TASK REQUIREMENTS: Your answer must hold only the lines below from the line containing "Al Braga Appartement Buitenkant foto" through the line containing "DICKIES Обычный Джинсы в Синий", each reproduced exactly.

DATA FOR THIS EXERCISE:
*** Block opens ***

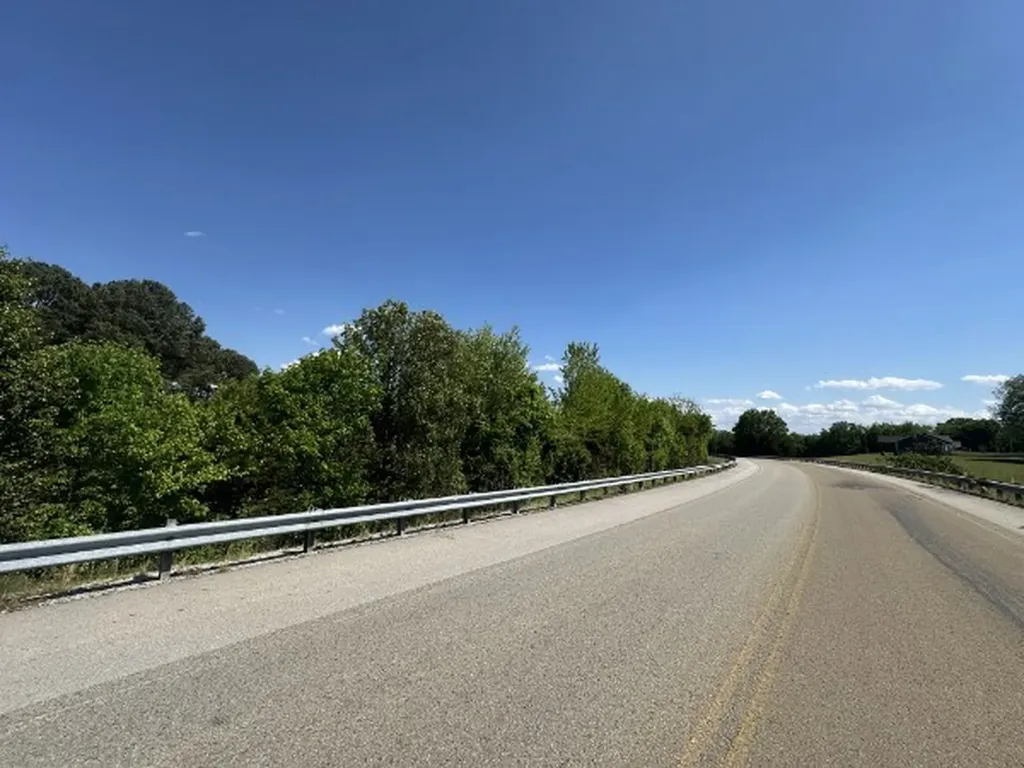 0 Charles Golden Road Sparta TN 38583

*** Block closes ***
*** Block opens ***

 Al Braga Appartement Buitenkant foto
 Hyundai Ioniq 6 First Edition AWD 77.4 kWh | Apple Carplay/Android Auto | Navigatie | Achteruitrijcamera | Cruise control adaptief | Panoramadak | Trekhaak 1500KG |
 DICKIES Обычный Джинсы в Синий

*** Block closes ***

SOLUTION TO THE PROBLEM:
 Al Braga Appartement Buitenkant foto
 Hyundai Ioniq 6 First Edition AWD 77.4 kWh | Apple Carplay/Android Auto | Navigatie | Achteruitrijcamera | Cruise control adaptief | Panoramadak | Trekhaak 1500KG |
 DICKIES Обычный Джинсы в Синий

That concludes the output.